The general’s discomfort with black soldiers overwhelmed his desperate need for troops against the massive British force in Boston, even as much of his army prepared to go home when their contracts expired at year’s end. On November 12, the general forbade any black men from joining the army or re-enlisting, a decree made official policy two weeks later by the Continental Congress in Philadelphia.
Then Washington made a sudden about-face that would echo down through the next two and a half centuries.
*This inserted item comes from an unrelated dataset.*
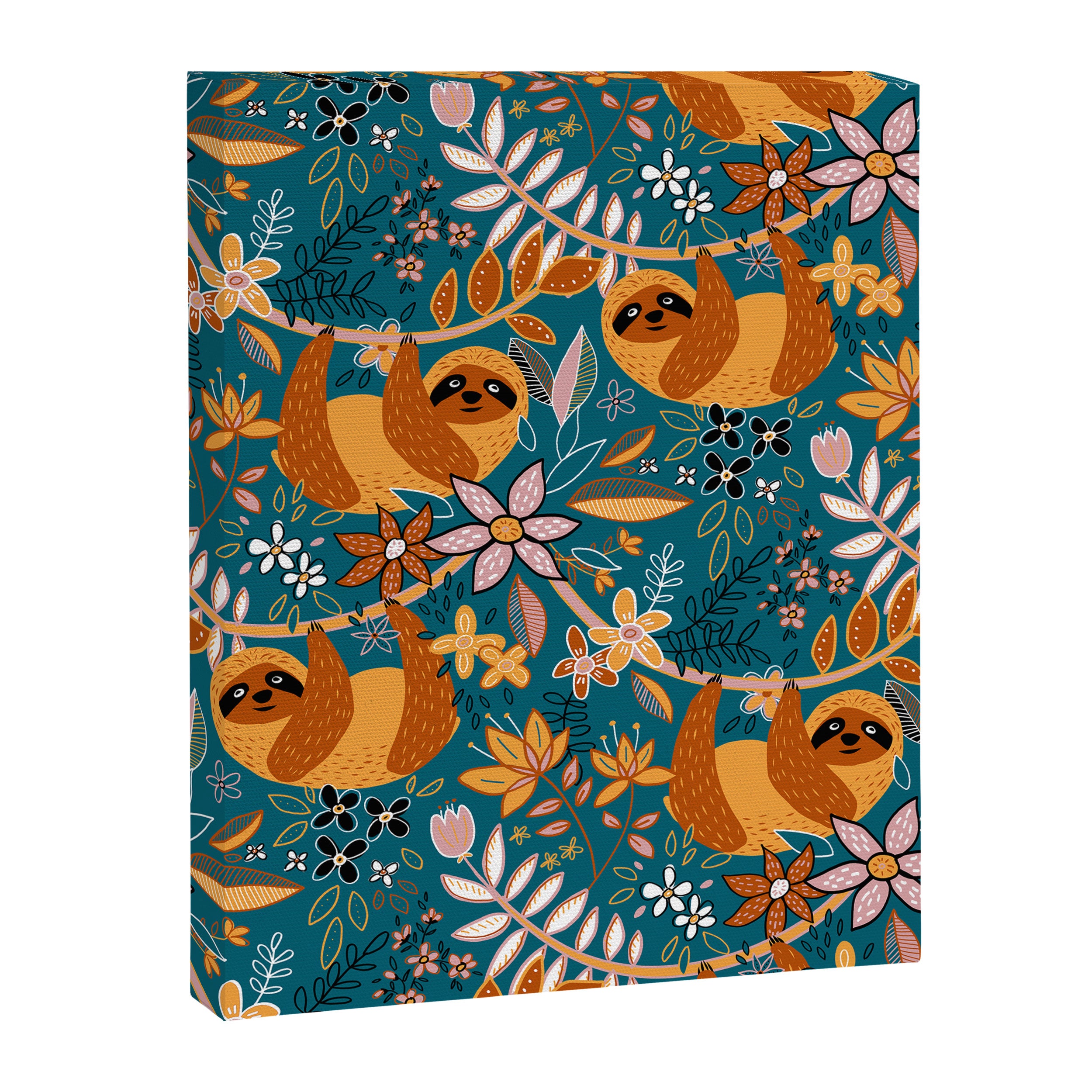 Happy Boho Sloth Floral Canvas Print Gallery Image 6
In December, word arrived from Virginia that his former friend and the colony’s royal governor, Lord Dunmore, had proclaimed freedom to any patriot-owned person who would fight for King George III. Hundreds, and perhaps thousands, were said to be flocking to his banner to join what was called the Ethiopian Regiment. Within days of learning this alarming news, Washington reversed himself.
“It has been represented to me that the free negroes who have Served in this Army, are very much dissatisfied at being discarded,” he explained to John Hancock on New Year’s Eve. Rather than push them to join the enemy, he decided to allow black men to continue their service. Congress immediately backed that change of policy, ordering on January 16 “that the free Negroes, who have served faithfully in the army at Cambridge, may be re-enlisted therein, but no others.”
That cemented the integration of the Continental Army. Washington came to appreciate the value of his black troops, and the following year convinced Congress to allow any free person to enlist. The general also welcomed Catholics—then widely despised—as well as members of the Stockbridge-Mohawk, Oneida, Tuscarora, and other indigenous tribes. The highest-ranking non-white officer was Akiatonharonkwen, also known as Louis Cook, the son of a black man and Abenaki mother. Enslaved people, however, remained largely excluded, though Rhode Island in 1778 freed those in bondage who joined the war effort; many fought in the First Rhode Island Regiment until the last major battle at Yorktown.
By war’s end, some 10,000 black and Indians troops had fought to secure independence, and Washington’s army was the most integrated U.S. force until the Korean War.